Многократное введение кортикостероидов, кратковременно уменьшая выраженность боли, лишь усугубляет патологический процесс (в качестве аль­тернативы рекомендованы НПВП). Длительное применение ортезов для фиксации таза на ранних стадиях развития дистрофических изменений противопоказано, оптимальным считают формирование собственного мышечного корсета. Мануальная терапия противопоказана пациентам с гипермобильностью структур пояса нижних конечностей, а также в случаях выраженных дистрофических изменений в связке, сопровождающихся нарушением ее прочностных характеристик. Большое значение для профилактики рецидивов имеет анализ динамического стереотипа, выявление преобладающих нагрузок и поиск путей их коррекции.

Диагностика пояснично-тазовой лигаментопатии включает применение таких высокоинформативных методов, как провокативные тесты, диагностические блокады, спектральная КТ и сонография.

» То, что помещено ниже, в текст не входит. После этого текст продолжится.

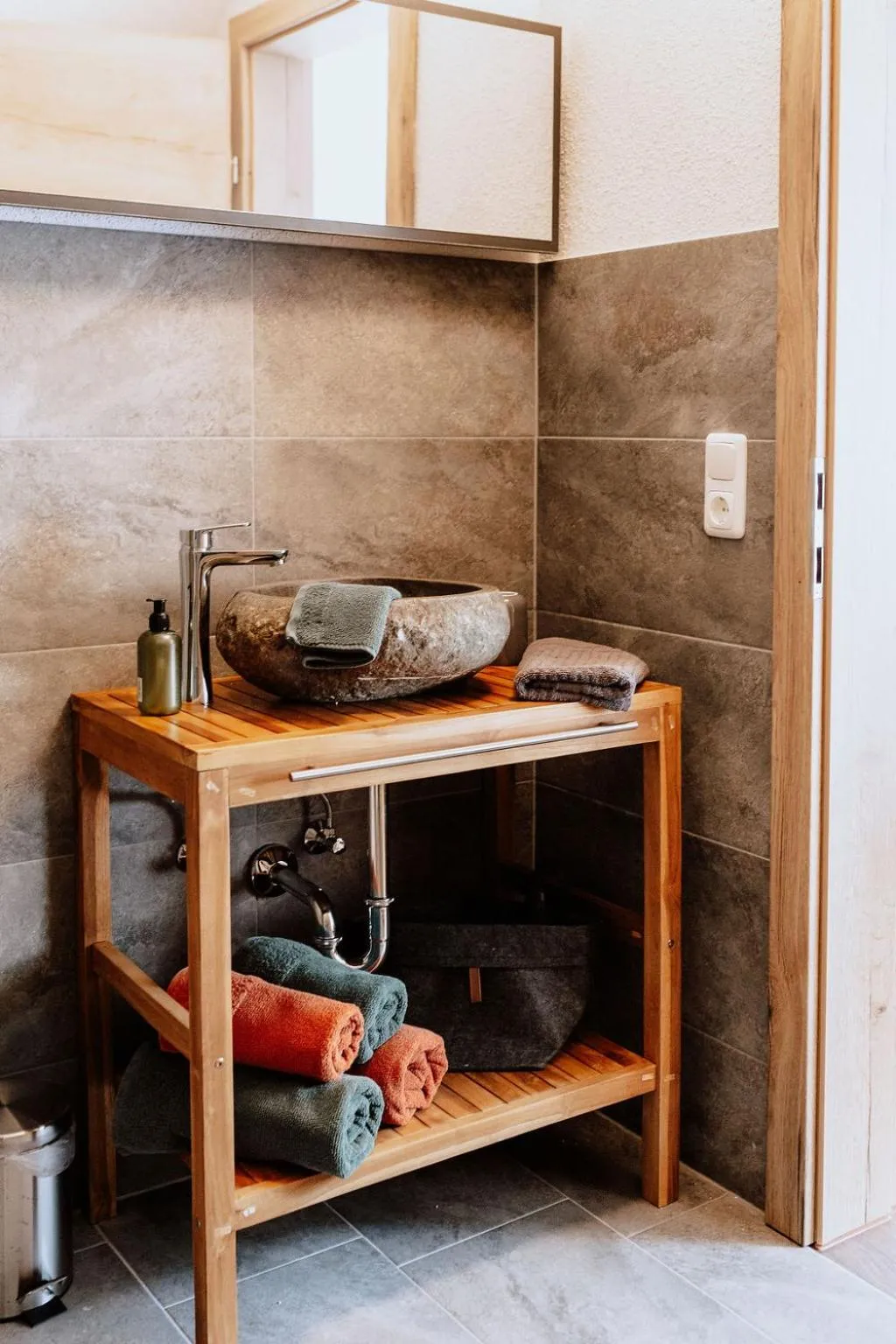 Das Schutzhaus-Bed and Breakfast-Dein Basislager im Salzkammergut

А. Истомин отметил, что лечебная тактика должна носить дифференцированный характер и определяться выраженностью дистрофических изменений в связках. Оценка результатов на основании анализа динамики боли в нижней части спины показала перспективность применения ударно-волновой терапии с использованием softshot-волны.

Профессор Вольфганг Бауэрмайстер, руководитель Инс­титута боли (Мюнхен, Германия), рассказал о новом методе визуализации в спортивной медицине и медицине боли — ультразвуковой эластосонографии. На клинических примерах он продемонстрировал преимущества этого метода в определении эластичности (жесткости) в фасции и мышцах, обратив внимание на особенности применения эластосонографии напряжения.

Все доклады, прозвучавшие во время симпозиума, вызвали огромный интерес неврологов, психологов, ортопедов-травматологов, семейных врачей. Отдельное внимание докладчики уделили вопросам диагностики и лечения при боли в спине у детей (доктор медицинских наук А.А. Мезенцев), особенностям обезболивания и улучшения нейропластичности при сочетанной черепно-мозговой и челюстно-лицевой травме (профессор И.А. Григорова), терапии суставной боли (В.И. Романенко), предменструального синдрома (кандидат медицинских наук И.Ю. Романенко), применению ботулинического токсина типа А в лечении мигрени (кандидат медицинских наук С.В. Федосеев), представлены результаты лечения при боли в спине с применением плазмы крови, обогащенной тромбоцитами (доктор медицинских наук Д.Е. Петренко).

В рамках научного симпозиума также состоялась Школа лечения боли, во время которой профессор М. Шенк представил мастер-класс «Лечение нейропатической боли: мультимодальный интердисциплинарный подход к лечению хронической боли», а профессор В. Бауэрмайстер — мастер-класс «Доказательная диагностика миофасциальной системы в спорте и лечении боли: лечить причину, а не симптом!».

Подводя итоги работы симпозиума, организаторы были удовлетворены уровнем и разнообразием тематики докладов, заинтересованностью слушателей — практических специалистов в области лечения боли и выразили надежду, что проведенное мероприятие стало еще одним шагом в продвижении лечения хронической боли в Украине.